В конце концов Маргарита не выдержала, сменила фамилию Лапина на Воробьеву, которую носила ее мать, пошла к ректору, разрыдалась в его кабинете и рассказала о травле. Тот пожалел студентку, побеседовал со своим коллегой, и Воробьева продолжила учебу в другом медвузе, где ее никто не связывал с Львом Лапиным. Одновременно Маргарита ушла из дома. Маленькая Эмма не помнила сестру. Девочка жила в атмосфере постоянных скандалов, отец упрекал мать, кричал:
– Это ты виновата в том, что у меня ничего не получается.
А потом Лапин исчез! Когда дочь немного подросла, мама объяснила ей:
– Папа умер. Он был гениальный врач и ученый, но появился на свет не в свое время. Ему следовало родиться в двадцать первом веке, вот тогда бы его идеи могли захватить весь мир.
Эмма жила, зная, что отец скончался. Затем настал год, когда на тот свет ушла мать. Девочке исполнилось четырнадцать лет, она только поступила в медучилище и очень испугалась, что ее отправят в детдом. Но директриса учебного заведения успокоила первокурсницу:
– Тех, кто решил получить профессиональное образование, в интернат не забирают. Тебе, как сироте, будут платить стипендию. Считается, что на нее можно одеваться, питаться, платить коммунальные расходы.
Тот, кто так решил, определенно не жил на копейки, которые получала Эмма. Сначала она растерялась, потом ей пришло в голову сдавать две комнаты в квартире командированным, приезжавшим в Москву. Жизнь наладилась, но радость Эммы оказалась недолгой, домой вернулся… Лев Маркович.
– Отец воскрес? – хмыкнула Ада Марковна.
– Он и не умирал, – объяснила я, – оказывается, Лев Маркович вывел в гараже-лаборатории экспериментальное насекомое и привил с его помощью от какой-то болезни Игоря, сына своей дочери Маргариты.
– Что? – воскликнули хором все мои слушатели.
– Сама с трудом поверила в это, – призналась я, – несколько раз спросила: «Вы уверены?» – «Да», – отвечала Эмма.
Коробков открыл бутылку с водой.
– Похоже на бред. Как ему это удалось?
– Лев узнал, что мальчик ходит в садик, – пояснила я, – он приготовил «шприц», зашел на территорию, где гуляли дети. В стране была советская власть, идиллическое время, охраны в детских учреждениях нет. Лапин сказал сотруднице:
– Я дедушка Игоря Воробьева, живу в другом городе, приехал в Москву на пару часов. Хочу посмотреть на мальчика.

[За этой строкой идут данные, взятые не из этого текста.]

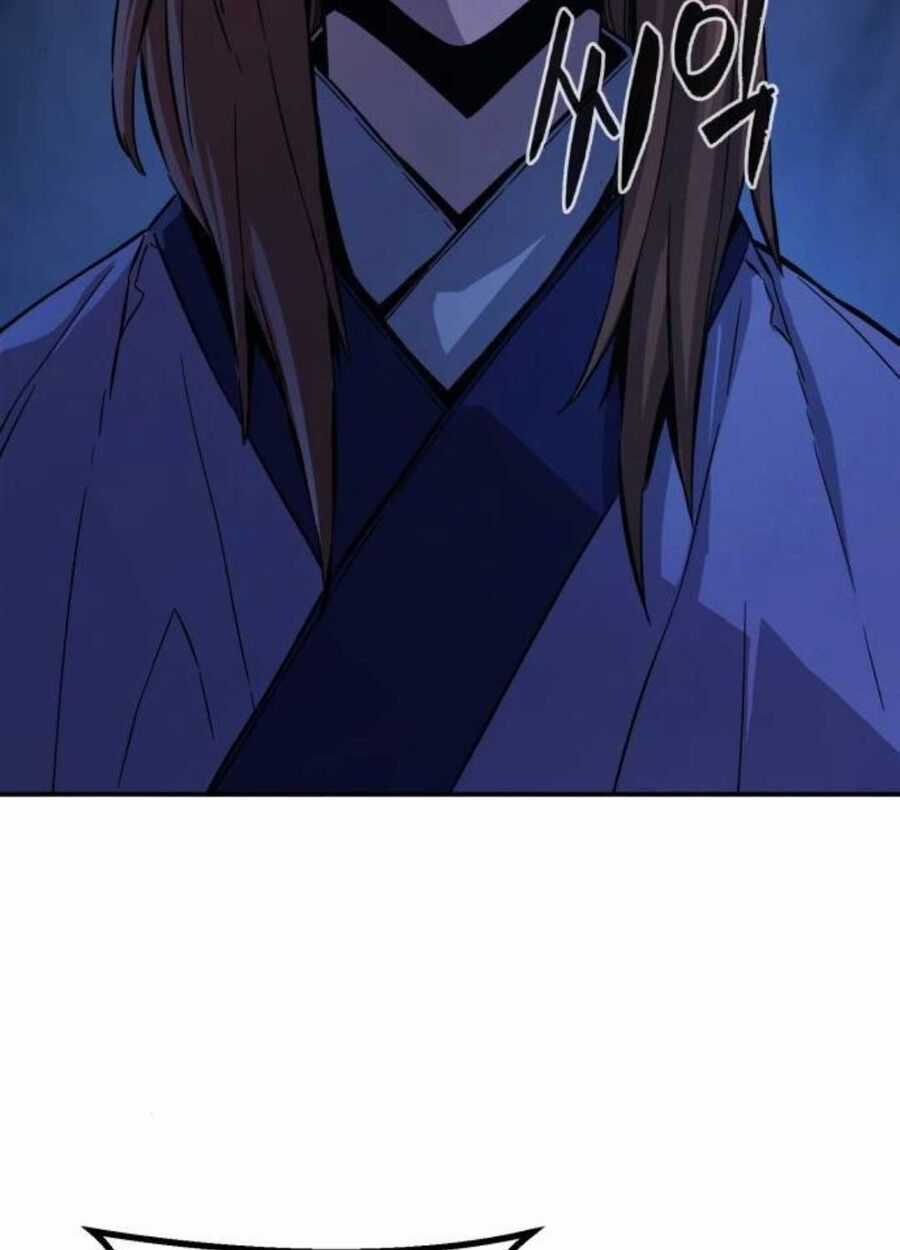 Cảm Kiếm Tuyệt Đối Chapter 107 trang 48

Воспитательница привела малыша и сказала:
– К тебе дедушка приехал.
А потом отошла, чтобы не мешать встрече. Через некоторое время раздался вопль мальчика. Воспитательница бросилась на крик. Игорь рыдал, его ручонка распухала на глазах, дед исчез. Беднягу на скорой помощи отправили в клинику, он долго болел. Льва Марковича быстро нашли, осудили и отправили в психиатрическую лечебницу. Он провел там немало лет, а когда освободился, вернулся туда, где жил до ареста. Лев Маркович плохо выглядел, и он сильно изменился. Его гонор, гневливый характер куда-то подевались. Эмма помнила, как отец мог бросить в жену тарелку с супом, если в ней вдруг попадался кусок куриной кожи, или швырнуть на пол стакан молока, с которого не сняли пенку.

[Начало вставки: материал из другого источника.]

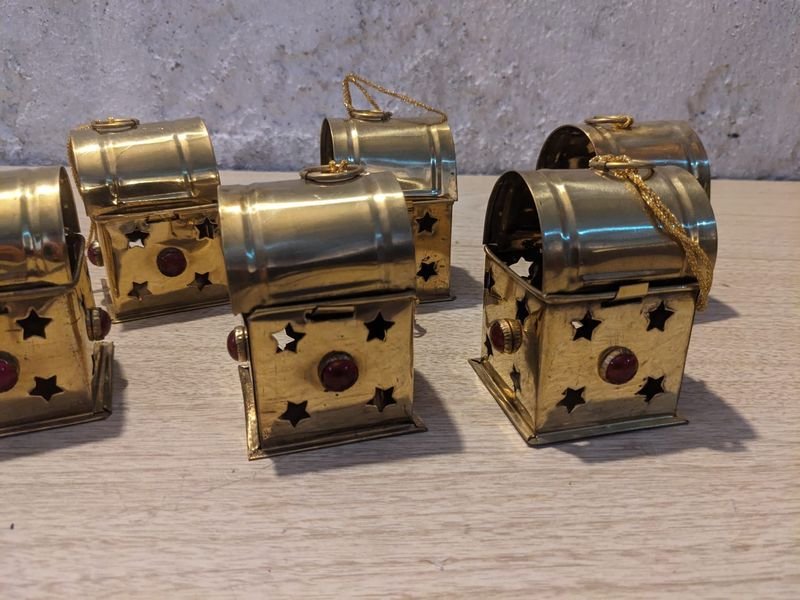 Item 883650 - Image 1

Я на секунду прервала рассказ.
Коробков бросил пустую бутылку из-под воды в мусорное ведро.
– Еще не вымерли все динозавры, которые пили кипяченое молоко. Я снимал противный налет ложкой, но никогда не выливал содержимое чашки на паркет.
– Лев Маркович мог устроить скандал из-за любой ерунды, – продолжала я, – но в последние годы своей длинной жизни Лапин стал сентиментальным, слезливым, стал носить кипу[3], посещать синагогу. А незадолго до смерти решил помириться с Маргаритой, попросил Эмму сходить к старшей сестре и пригласить ее к отцу.